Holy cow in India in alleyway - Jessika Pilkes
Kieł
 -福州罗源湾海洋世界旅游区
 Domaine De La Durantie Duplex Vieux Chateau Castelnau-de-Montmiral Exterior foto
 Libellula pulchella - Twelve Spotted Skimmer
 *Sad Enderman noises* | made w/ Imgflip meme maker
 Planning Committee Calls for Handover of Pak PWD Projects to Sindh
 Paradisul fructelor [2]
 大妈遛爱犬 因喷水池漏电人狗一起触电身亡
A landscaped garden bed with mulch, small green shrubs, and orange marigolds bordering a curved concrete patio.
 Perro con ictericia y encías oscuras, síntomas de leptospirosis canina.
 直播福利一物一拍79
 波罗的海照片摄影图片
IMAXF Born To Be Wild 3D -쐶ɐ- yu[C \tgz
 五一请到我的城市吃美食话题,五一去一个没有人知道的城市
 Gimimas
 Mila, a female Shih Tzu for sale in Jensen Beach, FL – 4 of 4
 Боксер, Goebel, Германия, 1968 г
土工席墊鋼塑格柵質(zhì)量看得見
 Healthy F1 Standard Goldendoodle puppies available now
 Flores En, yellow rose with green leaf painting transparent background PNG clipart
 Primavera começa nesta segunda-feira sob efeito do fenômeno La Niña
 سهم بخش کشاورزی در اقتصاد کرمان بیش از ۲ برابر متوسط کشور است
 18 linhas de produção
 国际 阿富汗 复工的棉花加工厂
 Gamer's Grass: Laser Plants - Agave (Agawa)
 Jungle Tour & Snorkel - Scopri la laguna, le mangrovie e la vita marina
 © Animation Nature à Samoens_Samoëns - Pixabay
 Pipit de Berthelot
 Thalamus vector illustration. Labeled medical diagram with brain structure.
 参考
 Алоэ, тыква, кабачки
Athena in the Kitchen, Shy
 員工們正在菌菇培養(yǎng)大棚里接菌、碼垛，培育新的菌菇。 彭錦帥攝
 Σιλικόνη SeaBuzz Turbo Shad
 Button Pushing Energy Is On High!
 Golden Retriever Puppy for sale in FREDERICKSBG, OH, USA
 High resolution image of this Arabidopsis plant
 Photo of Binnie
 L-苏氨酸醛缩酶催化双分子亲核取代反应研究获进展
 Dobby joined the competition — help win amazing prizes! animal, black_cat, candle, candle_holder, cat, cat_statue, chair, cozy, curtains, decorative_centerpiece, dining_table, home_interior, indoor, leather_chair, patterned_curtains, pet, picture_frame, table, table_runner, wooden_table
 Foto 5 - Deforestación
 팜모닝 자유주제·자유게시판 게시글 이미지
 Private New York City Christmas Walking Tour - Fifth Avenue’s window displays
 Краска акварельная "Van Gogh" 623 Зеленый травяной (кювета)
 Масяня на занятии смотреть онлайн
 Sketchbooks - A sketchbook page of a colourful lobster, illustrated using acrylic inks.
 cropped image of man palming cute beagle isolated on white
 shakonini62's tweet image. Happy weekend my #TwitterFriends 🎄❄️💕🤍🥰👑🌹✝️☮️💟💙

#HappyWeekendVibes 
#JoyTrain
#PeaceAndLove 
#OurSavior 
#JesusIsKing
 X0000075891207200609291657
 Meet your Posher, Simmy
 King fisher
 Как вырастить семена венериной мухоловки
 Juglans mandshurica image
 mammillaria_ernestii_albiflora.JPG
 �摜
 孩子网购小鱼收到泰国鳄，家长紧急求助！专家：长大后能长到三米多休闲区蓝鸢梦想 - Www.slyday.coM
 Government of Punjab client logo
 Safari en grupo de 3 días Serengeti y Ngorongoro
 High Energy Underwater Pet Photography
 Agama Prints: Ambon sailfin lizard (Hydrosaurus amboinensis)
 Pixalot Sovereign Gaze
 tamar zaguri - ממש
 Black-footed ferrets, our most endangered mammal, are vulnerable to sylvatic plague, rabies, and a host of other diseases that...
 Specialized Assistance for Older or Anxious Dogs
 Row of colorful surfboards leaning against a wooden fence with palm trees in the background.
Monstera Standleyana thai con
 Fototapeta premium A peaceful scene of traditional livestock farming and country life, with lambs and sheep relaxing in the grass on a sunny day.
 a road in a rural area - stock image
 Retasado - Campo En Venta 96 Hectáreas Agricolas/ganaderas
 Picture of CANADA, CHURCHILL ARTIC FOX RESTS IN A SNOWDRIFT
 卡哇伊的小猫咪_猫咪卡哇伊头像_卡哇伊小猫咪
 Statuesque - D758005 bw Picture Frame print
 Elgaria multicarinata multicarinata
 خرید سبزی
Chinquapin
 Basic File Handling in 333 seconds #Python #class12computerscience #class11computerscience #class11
########################################
- [WORK TO BE COMPLETED]:
Line by line, set the records above down again exactly.

- [WRITTEN ANSWER]:
Holy cow in India in alleyway - Jessika Pilkes
Kieł
 -福州罗源湾海洋世界旅游区
 Domaine De La Durantie Duplex Vieux Chateau Castelnau-de-Montmiral Exterior foto
 Libellula pulchella - Twelve Spotted Skimmer
 *Sad Enderman noises* | made w/ Imgflip meme maker
 Planning Committee Calls for Handover of Pak PWD Projects to Sindh
 Paradisul fructelor [2]
 大妈遛爱犬 因喷水池漏电人狗一起触电身亡
A landscaped garden bed with mulch, small green shrubs, and orange marigolds bordering a curved concrete patio.
 Perro con ictericia y encías oscuras, síntomas de leptospirosis canina.
 直播福利一物一拍79
 波罗的海照片摄影图片
IMAXF Born To Be Wild 3D -쐶ɐ- yu[C \tgz
 五一请到我的城市吃美食话题,五一去一个没有人知道的城市
 Gimimas
 Mila, a female Shih Tzu for sale in Jensen Beach, FL – 4 of 4
 Боксер, Goebel, Германия, 1968 г
土工席墊鋼塑格柵質(zhì)量看得見
 Healthy F1 Standard Goldendoodle puppies available now
 Flores En, yellow rose with green leaf painting transparent background PNG clipart
 Primavera começa nesta segunda-feira sob efeito do fenômeno La Niña
 سهم بخش کشاورزی در اقتصاد کرمان بیش از ۲ برابر متوسط کشور است
 18 linhas de produção
 国际 阿富汗 复工的棉花加工厂
 Gamer's Grass: Laser Plants - Agave (Agawa)
 Jungle Tour & Snorkel - Scopri la laguna, le mangrovie e la vita marina
 © Animation Nature à Samoens_Samoëns - Pixabay
 Pipit de Berthelot
 Thalamus vector illustration. Labeled medical diagram with brain structure.
 参考
 Алоэ, тыква, кабачки
Athena in the Kitchen, Shy
 員工們正在菌菇培養(yǎng)大棚里接菌、碼垛，培育新的菌菇。 彭錦帥攝
 Σιλικόνη SeaBuzz Turbo Shad
 Button Pushing Energy Is On High!
 Golden Retriever Puppy for sale in FREDERICKSBG, OH, USA
 High resolution image of this Arabidopsis plant
 Photo of Binnie
 L-苏氨酸醛缩酶催化双分子亲核取代反应研究获进展
 Dobby joined the competition — help win amazing prizes! animal, black_cat, candle, candle_holder, cat, cat_statue, chair, cozy, curtains, decorative_centerpiece, dining_table, home_interior, indoor, leather_chair, patterned_curtains, pet, picture_frame, table, table_runner, wooden_table
 Foto 5 - Deforestación
 팜모닝 자유주제·자유게시판 게시글 이미지
 Private New York City Christmas Walking Tour - Fifth Avenue’s window displays
 Краска акварельная "Van Gogh" 623 Зеленый травяной (кювета)
 Масяня на занятии смотреть онлайн
 Sketchbooks - A sketchbook page of a colourful lobster, illustrated using acrylic inks.
 cropped image of man palming cute beagle isolated on white
 shakonini62's tweet image. Happy weekend my #TwitterFriends 🎄❄️💕🤍🥰👑🌹✝️☮️💟💙

#HappyWeekendVibes 
#JoyTrain
#PeaceAndLove 
#OurSavior 
#JesusIsKing
 X0000075891207200609291657
 Meet your Posher, Simmy
 King fisher
 Как вырастить семена венериной мухоловки
 Juglans mandshurica image
 mammillaria_ernestii_albiflora.JPG
 �摜
 孩子网购小鱼收到泰国鳄，家长紧急求助！专家：长大后能长到三米多休闲区蓝鸢梦想 - Www.slyday.coM
 Government of Punjab client logo
 Safari en grupo de 3 días Serengeti y Ngorongoro
 High Energy Underwater Pet Photography
 Agama Prints: Ambon sailfin lizard (Hydrosaurus amboinensis)
 Pixalot Sovereign Gaze
 tamar zaguri - ממש
 Black-footed ferrets, our most endangered mammal, are vulnerable to sylvatic plague, rabies, and a host of other diseases that...
 Specialized Assistance for Older or Anxious Dogs
 Row of colorful surfboards leaning against a wooden fence with palm trees in the background.
Monstera Standleyana thai con
 Fototapeta premium A peaceful scene of traditional livestock farming and country life, with lambs and sheep relaxing in the grass on a sunny day.
 a road in a rural area - stock image
 Retasado - Campo En Venta 96 Hectáreas Agricolas/ganaderas
 Picture of CANADA, CHURCHILL ARTIC FOX RESTS IN A SNOWDRIFT
 卡哇伊的小猫咪_猫咪卡哇伊头像_卡哇伊小猫咪
 Statuesque - D758005 bw Picture Frame print
 Elgaria multicarinata multicarinata
 خرید سبزی
Chinquapin
 Basic File Handling in 333 seconds #Python #class12computerscience #class11computerscience #class11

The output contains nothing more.